Selling, General and Administrative
Selling, general and administrative expenses increased by $102 million for the three months ended March 31, 2024 as compared to the three months ended March 31, 2023. The increase was primarily due to an increase of $143 million in legal and other professional fees, mainly driven by our debt transaction, offset by a decrease of approximately $25 million due to the sale of our EMEA business in the fourth quarter of 2023, as well as recognition of a deferred gain of $22 million on the sale of select CDN contracts in the fourth quarter of 2023.
Loss on Sale of Business
For a discussion of the loss on sale of business that we recognized for the three months ended March 31, 2023, see Note 2—Divestitures of the Latin American, ILEC and EMEA Businesses to our consolidated financial statements in Item 8 of Part II of our Annual Report Form 10-K for the year ended December 31, 2023.

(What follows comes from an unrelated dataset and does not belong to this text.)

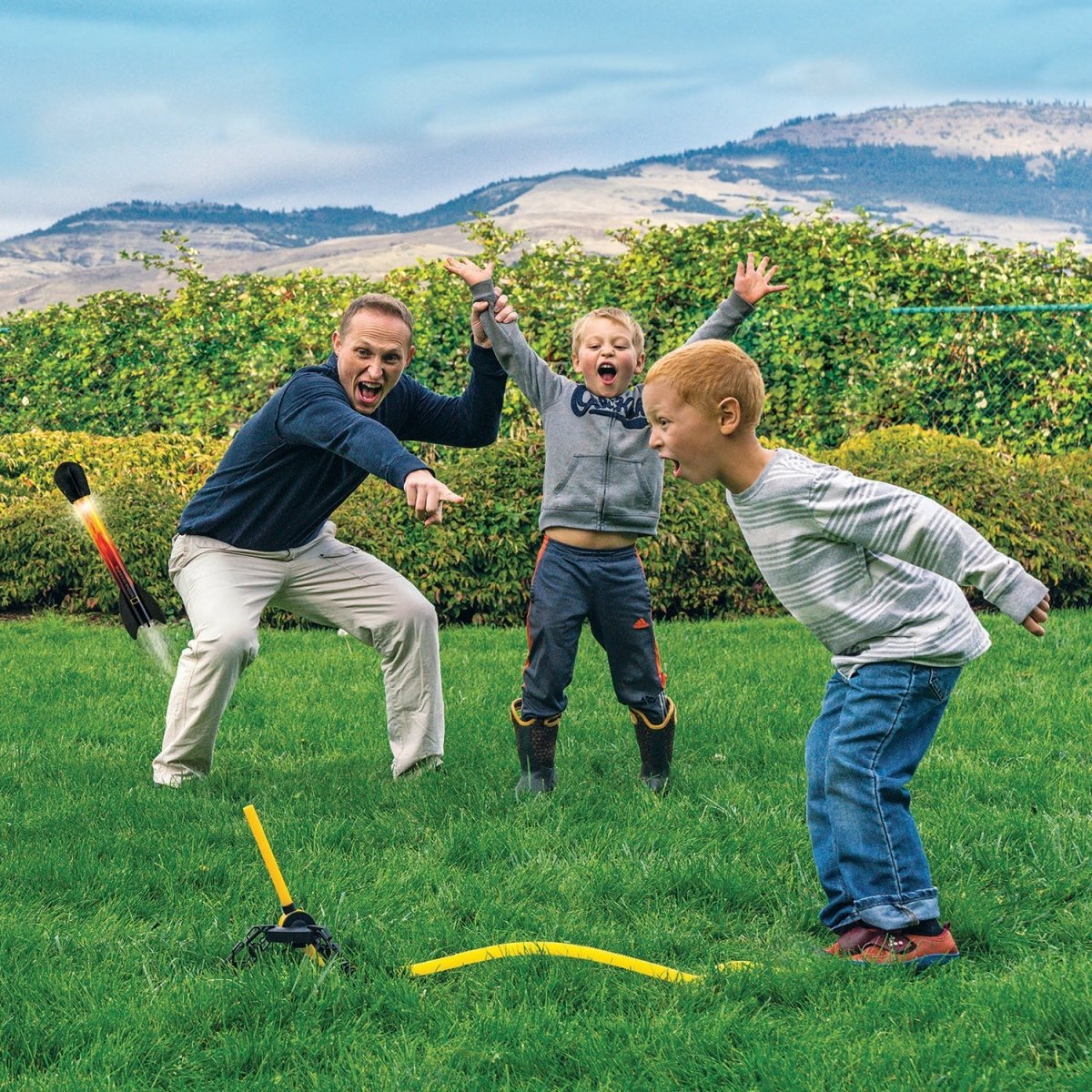 NG LIGHT - UP AIR ROCKETS - Premium for Kids in Qatar | Toysaro.com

Depreciation and Amortization
The following table provides detail of our depreciation and amortization expense:
| | | | | | | | | | | | | | | | | |
| Three Months Ended March 31, | | % Change |
| 2024 | | 2023 | |
| (Dollars in millions) | | |
Depreciation | $ | 476 | | | 473 | | | 1 | % |
Amortization | 272 | | | 260 | | | 5 | % |
Total depreciation and amortization | $ | 748 | | | 733 | | | 2 | % |
Depreciation expense increased by $3 million for the three months ended March 31, 2024, as compared to the three months ended March 31, 2023 primarily due a $12 million increase from accelerated depreciation of CDN assets and an $8 million increase due to decommissioned assets, which were partially offset by a decrease of $16 million due to changes in the depreciation lives of fiber network assets.
Amortization expense increased by $12 million for the three months ended March 31, 2024, as compared to the three months ended March 31, 2023. The increase was primarily due to an increase of $13 million associated with net increases in amortizable assets as well as $10 million associated with the accelerated amortization of CDN software assets. These increases were partially offset by (i) a $4 million decrease due to a changed method of amortization as discussed in Note 1— Background "— Change in Accounting Estimates", (ii) a $7 million decrease from certain customer relationship intangible assets becoming fully amortized in the second quarter of 2023 and (iii) a $4 million decrease related to CDN customer relationships.
Further analysis of our segment operating expenses by segment is provided below in "Segment Results."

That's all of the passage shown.